## PROVIDED DATA
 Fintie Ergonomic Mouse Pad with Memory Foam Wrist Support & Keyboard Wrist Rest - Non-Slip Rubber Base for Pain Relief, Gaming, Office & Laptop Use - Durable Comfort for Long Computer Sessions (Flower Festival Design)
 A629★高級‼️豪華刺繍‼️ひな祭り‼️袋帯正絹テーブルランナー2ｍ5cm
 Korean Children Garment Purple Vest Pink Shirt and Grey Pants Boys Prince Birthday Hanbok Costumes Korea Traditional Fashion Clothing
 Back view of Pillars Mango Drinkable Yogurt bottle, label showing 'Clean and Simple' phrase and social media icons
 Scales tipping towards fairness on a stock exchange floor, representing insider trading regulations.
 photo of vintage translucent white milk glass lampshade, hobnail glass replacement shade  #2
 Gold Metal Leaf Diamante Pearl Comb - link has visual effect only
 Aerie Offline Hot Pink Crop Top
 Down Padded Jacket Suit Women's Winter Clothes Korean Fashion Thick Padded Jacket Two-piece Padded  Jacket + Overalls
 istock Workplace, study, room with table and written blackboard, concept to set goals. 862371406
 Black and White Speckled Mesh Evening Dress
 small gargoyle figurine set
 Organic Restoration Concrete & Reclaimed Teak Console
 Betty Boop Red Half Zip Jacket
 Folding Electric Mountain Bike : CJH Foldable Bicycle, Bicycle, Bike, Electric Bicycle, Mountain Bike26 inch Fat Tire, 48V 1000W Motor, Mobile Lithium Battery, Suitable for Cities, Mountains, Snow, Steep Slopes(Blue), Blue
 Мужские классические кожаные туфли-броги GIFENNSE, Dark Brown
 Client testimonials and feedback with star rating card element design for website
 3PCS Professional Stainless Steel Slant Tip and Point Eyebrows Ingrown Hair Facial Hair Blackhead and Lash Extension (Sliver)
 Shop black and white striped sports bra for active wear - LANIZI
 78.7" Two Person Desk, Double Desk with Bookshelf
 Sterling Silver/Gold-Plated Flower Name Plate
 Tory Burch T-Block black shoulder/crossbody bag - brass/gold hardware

## EXERCISE DIRECTIONS
Examine the records above and give the number of lines in which the string "Flower" appears, with no other words.

## REPLY
2